RAW DATA:

※ ※ ※

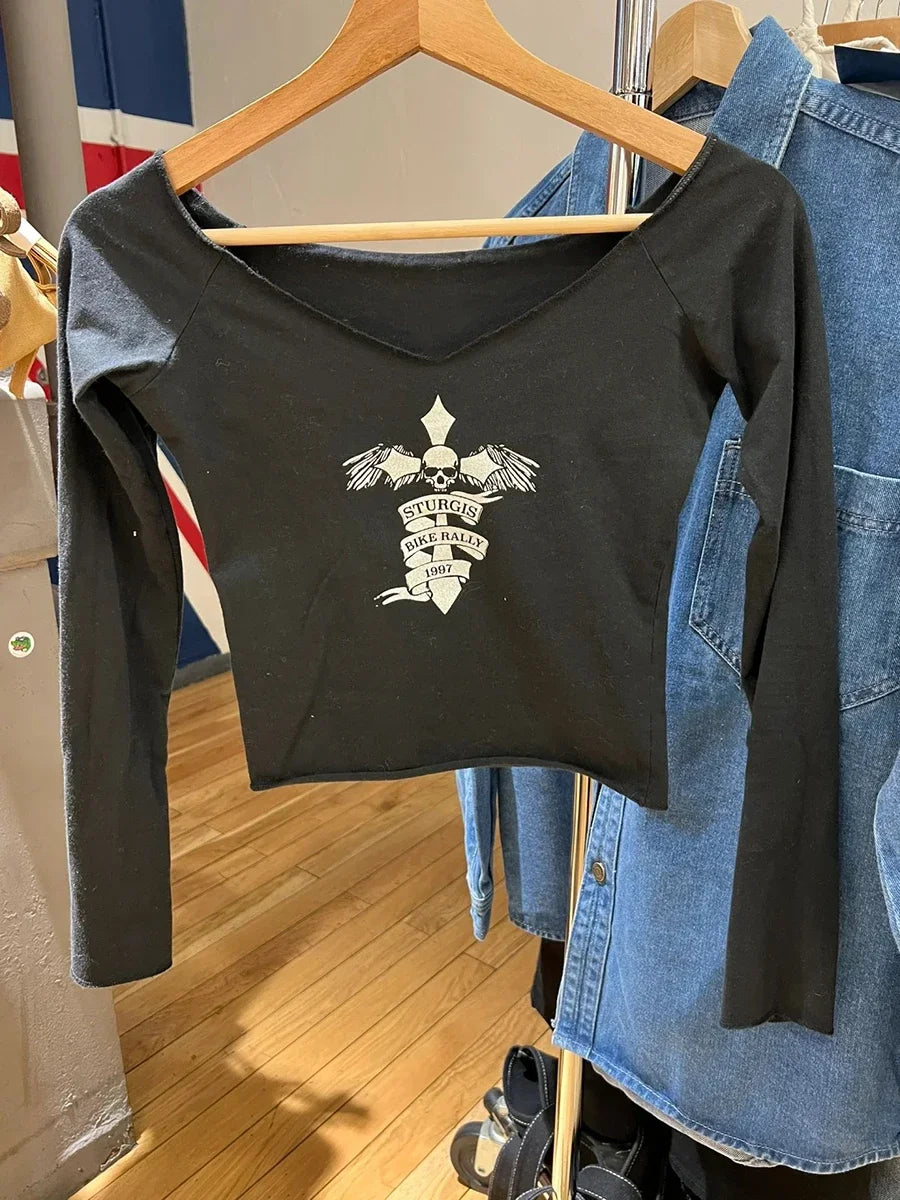 American Cross Print Slim Long Sleeve Crop Top Women Autumn Sexy V-neck Cotton Cropped Tee Vintage Streetwear T-shirts Y2k Tops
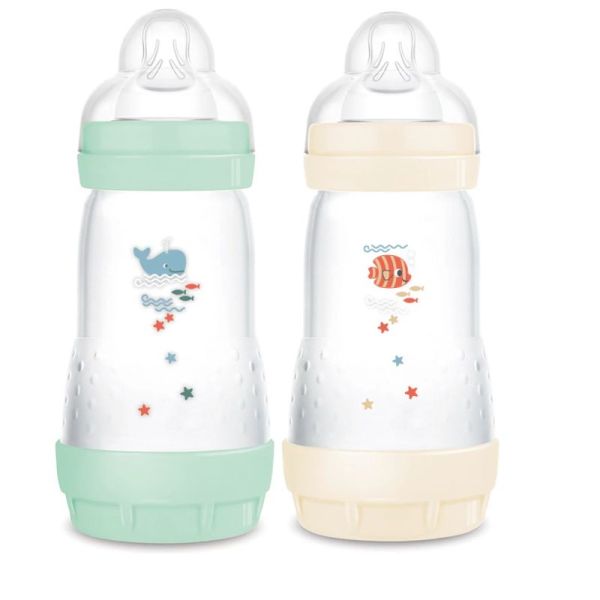 Lot de 2 biberons MAM Easy Start anti-colique 320ml Menthe + Coton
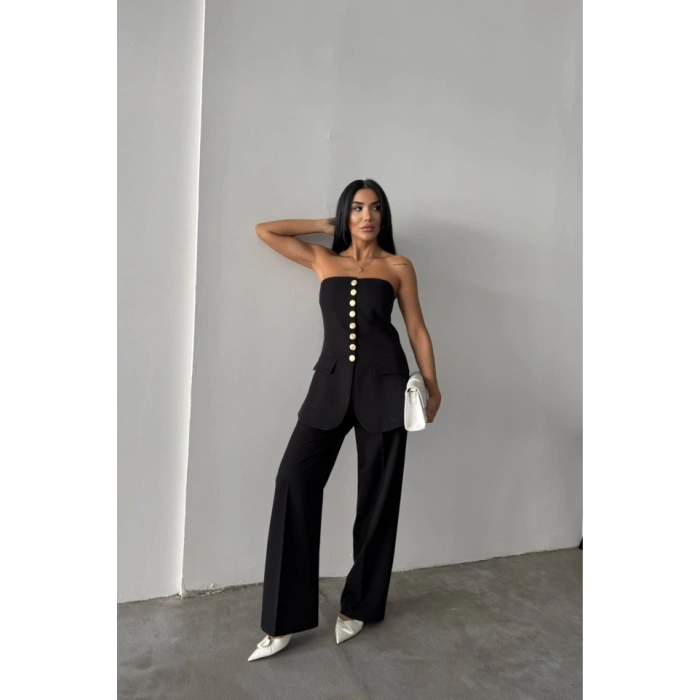 TAARIM GOLD DÜĞMELİ TRABLEZYELEK  iyah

※ ※ ※

YOUR INSTRUCTIONS: Nothing but the pictures should be left out when the material above is copied.

TASK OUTPUT:
 American Cross Print Slim Long Sleeve Crop Top Women Autumn Sexy V-neck Cotton Cropped Tee Vintage Streetwear T-shirts Y2k Tops
 Lot de 2 biberons MAM Easy Start anti-colique 320ml Menthe + Coton
 TAARIM GOLD DÜĞMELİ TRABLEZYELEK  iyah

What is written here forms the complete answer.